Últimamente he reflexionado algo sobre el deber y el placer, o la dudosa necesidad de “mantener el equilibrio” entre la obligación y el tiempo libre. La famosa frase “Work hard, play hard” equipara dudosamente el “esfuerzo” que supuestamente debemos hacer cuando trabajamos con su equivalente en el ocio. Como si de alguna manera hubiese una competencia entre ambos.
La incesante búsqueda del placer es lo que dirige la vida de muchos. El escapar o paliar de alguna forma la miseria en que se ha convertido el trabajo, que a pesar de ser más “ejecutivo, importante, analítico e influyente”, hecho en oficinas situadas en altos edificios de cristal en zonas exclusivas de cualquier ciudad o en la comodidad del hogar, donde se puede ir en jeans, camiseta y tenis, comer en sitios carísimos supuestamente de moda, y luego intoxicarse con cualquier veneno en el bar de turno, no deja de ser la misma, patética e interminable rueda del hamster para alimentar la ansiedad del status y una economía que ya no sabe para qué está ahí ni a quien beneficia.
Así que, para el que se percata así sea vagamente de esto, el “disfrutar” se convierte en un imperativo inamovible. El tener hobbies (ver aquí para una descripción pormenorizada del tema hecha en el pasado) es la dudosa forma de conservar la poca salud mental que queda después del desatino de la labor infructuosa y denigrante. El alejarse de la realidad a como de lugar se convierte en parte integral de la experiencia, como si fuera una obligación el desconectar, parar, relajarse y olvidar la podredumbre diaria. Ya ni siquiera se piensa en que ignorar el problema no es la solución, sino que más bien hay que concentrarse en humanizar la labor y dejar la tan manida productividad para las máquinas y los números.

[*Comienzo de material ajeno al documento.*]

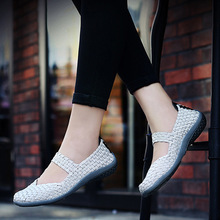 New Woven Flat Shoes Women Casual Breathable Women Shoes Fashion Woven Mesh Sneakers Women Novel Loafers Women Soft Solid Shoes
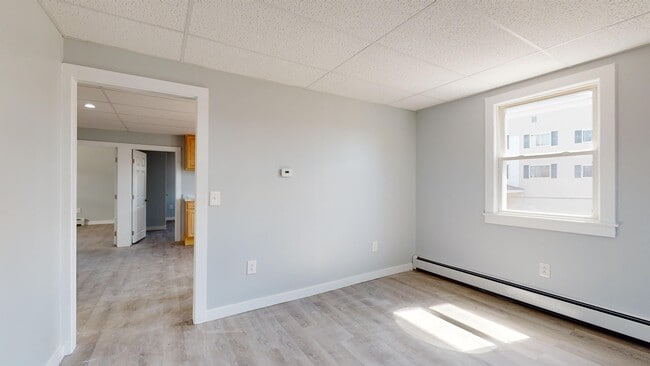 Building Photo - 7 Island Ave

Y esto no significa huir y esconderse del mundo. Vivir asustado fingiendo una actitud estoica alejado de la briega habitual porque nos viene grande sea cual sea la razón, tampoco es el camino. Aqui no nos va a salvar Dios, Buda, Supermán o Satán, por fervorosamente que recemos o imploremos. Es casi como esperar con devoción la llegada de Santa Claus / Papá Noel la noche de navidad poniendo todas nuestras esperanzas en nuestro supuesto buen comportamiento para recibir el ansiado regalo que nunca se materializa.
Seamos realistas. La vida es un trasfondo de hechos desafortunados, salpicado ocasionalmente por noticias algo menos desagradables que constituyen la “felicidad” o la “tranquilidad”, según nuestro pobre entender. Y si vivir es una obligación, por qué convertir estos fugaces momentos contrarios en un deber más? Y por otro lado, la última reflexión: Si esto ya es complicado de fábrica, por qué hacerlo aún más enrevesado con ideas / pensamientos / conceptos / proyectos e inventos varios?
Creo sinceramente que se puede vivir sosegadamente sin hacer tanto esfuerzo, y tal vez el secreto sea precisamente dejar de intentarlo con tanto ahínco y concentrarnos en lo que tenemos delante, nada más.